Config Time per move Notes
20 dets, no belief, full hand ~50 ms Default setup
20 dets, with NN belief ~70 ms +20ms for NN forward + hybrid blend
20 dets, mid-game (4 tricks left) ~20 ms Smaller search trees
With time_limit_ms=50, full hand up to 50ms × 8/8 = 50ms Auto-scaled
With time_limit_ms=50, last trick up to 50ms × 1/8 = 6ms Endgame finishes fast
Resolved position (early term) ~5-10 ms Single DD solve
Forced move (early term) <1 µs Constant return

Variants in the arena

Set in arena/bots/ TOML files:

[play]
method = "smart_is_dd"     # alternatives: "is_dd", "smart_ismcts"
time_ms = 50               # → time_limit_ms
determinizations = 20

[belief]
model = "models/belief_v3.bin"     # optional, loads BeliefNet (soft predictions)
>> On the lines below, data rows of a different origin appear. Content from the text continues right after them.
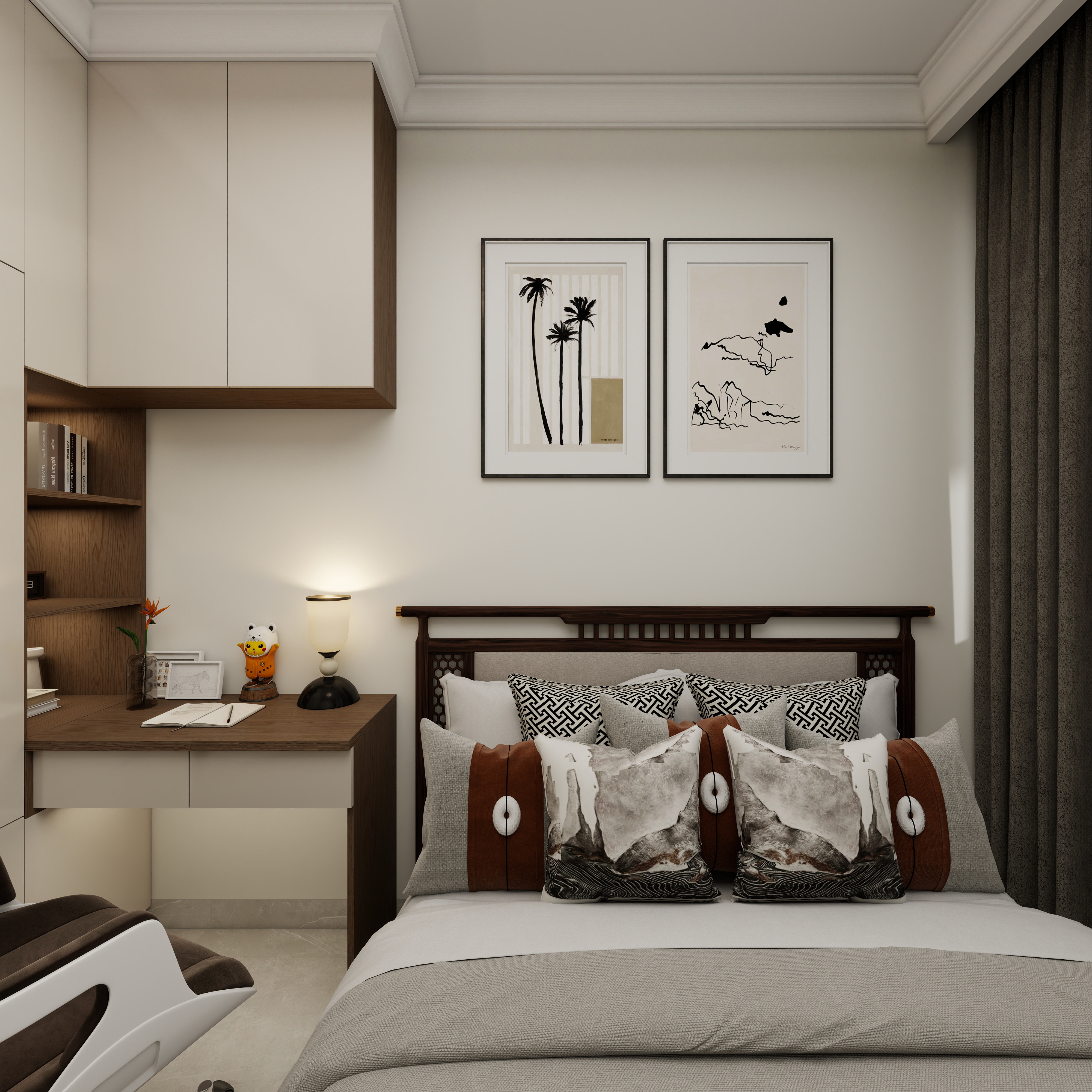 中国大华子-154㎡5室一层卧室2装修效果图第3张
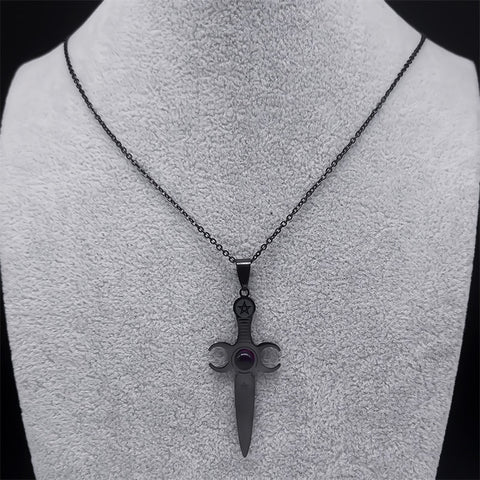 Triple Moon Athame Necklace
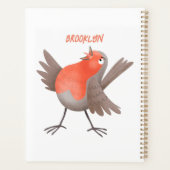 Cute singing robin bird cartoon  プランナー手帳 (裏面)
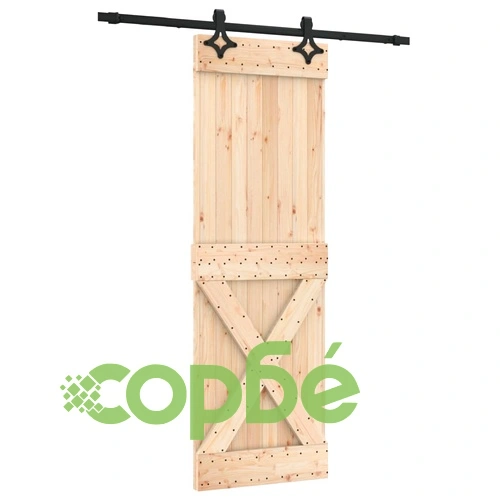 Плъзгаща врата с монтажни части, 70x210 см, борово дърво масив ➤ топ цена ➤ sorbe.bg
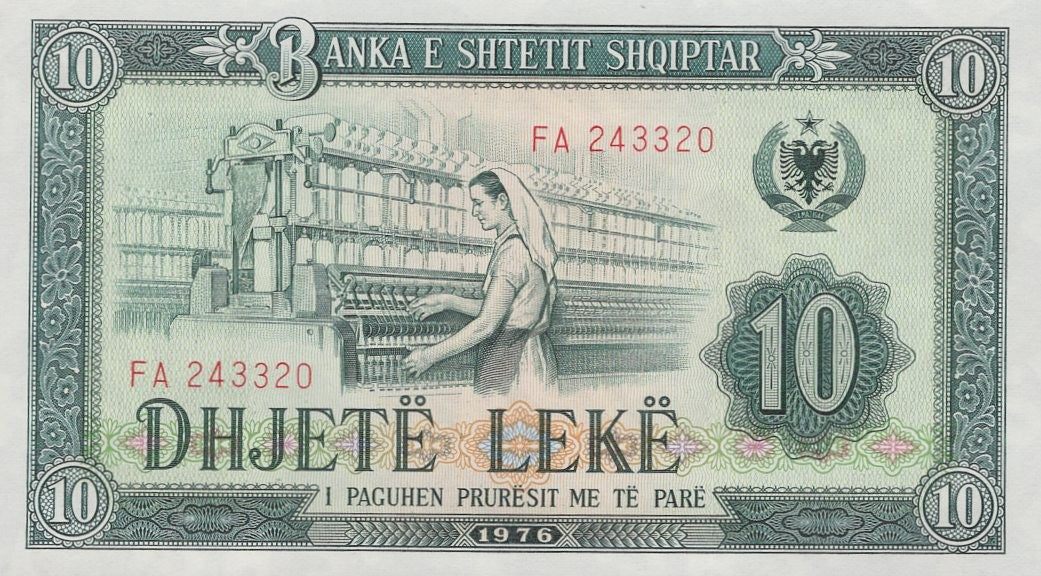Albania 10 Leke 1976 P 43 UNC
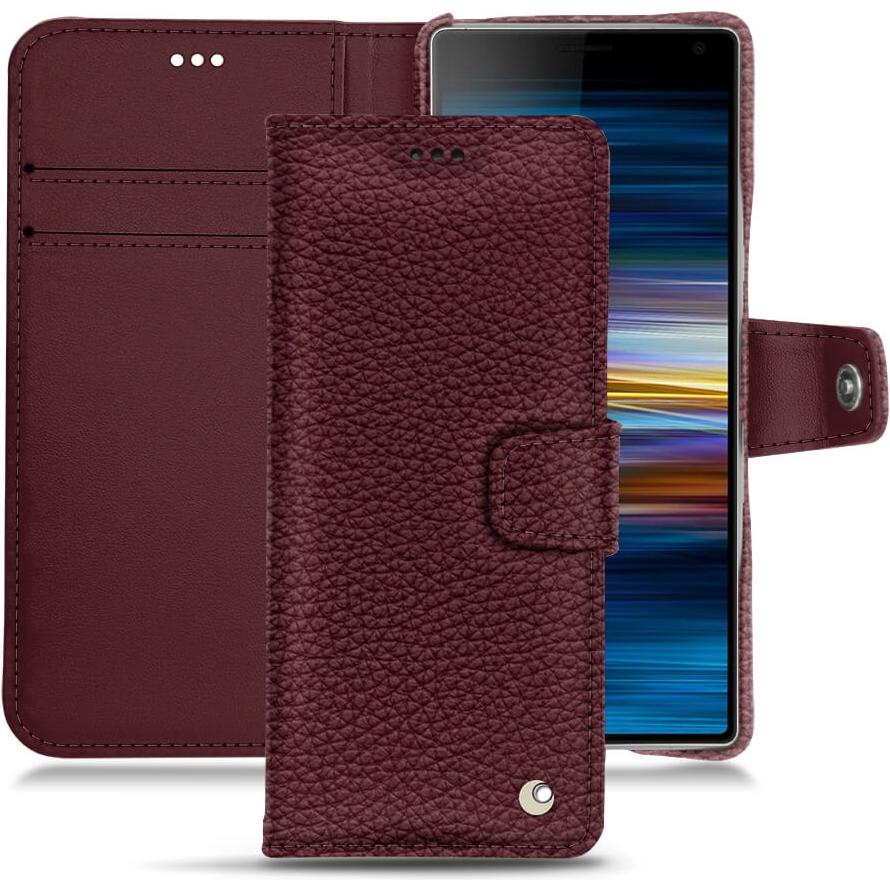 Noreve Lederschutzhülle Wallet (Sony Xperia 10), Smartphone Hülle, Violett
Hard constraints are applied automatically — there is no flag for them.

Reference bots:

  • nn_v2_isdd_no_belief — heuristic CardBeliefs only, no NN
  • nn_v2_isdd — NN belief net + hard constraints (current production strongest)

API

use colver_core::is_dd::{IsDdSearch, IsDdConfig};

let mut search = IsDdSearch::new();
// optional: search.load_belief_net("models/belief_v3.bin")?;

let config = IsDdConfig {
    determinizations: 20,
    time_limit_ms: Some(50),
    use_nn_beliefs: true,    // optional soft beliefs; hard constraints always on
    ..Default::default()
};

// Initialize beliefs at start of deal
search.init_deal_with_config(&state, observer, &config);

// Each turn (any player):
search.record_action(&state_before, player, action);  // update beliefs

// When it's our turn:
let action = search.search(&state, &config, &mut rng);
// Or with stats:
let result = search.search_with_stats(&state, &config, &mut rng);
// result.best_action, result.card_scores, result.determinizations

Parallel variant: search_parallel() (requires parallel feature, uses rayon).

Comparison with DMC

DMC and IS-DD have very similar mean MAE vs DD (~19) but make different errors — see bid/reward_studies/v3_reward_study.md. Hamming distance on the same deal is 29/32 cards: stylistically opposed (DMC plays Aces immediately, IS-DD pulls trumps systematically with the J).

Both are realistic players. IS-DD is slightly stronger on extreme hands (capots, very weak); DMC is slightly stronger on standard mid-range hands. Their max(DMC, ISDD) is the basis for the bid_v3_max_20M champion.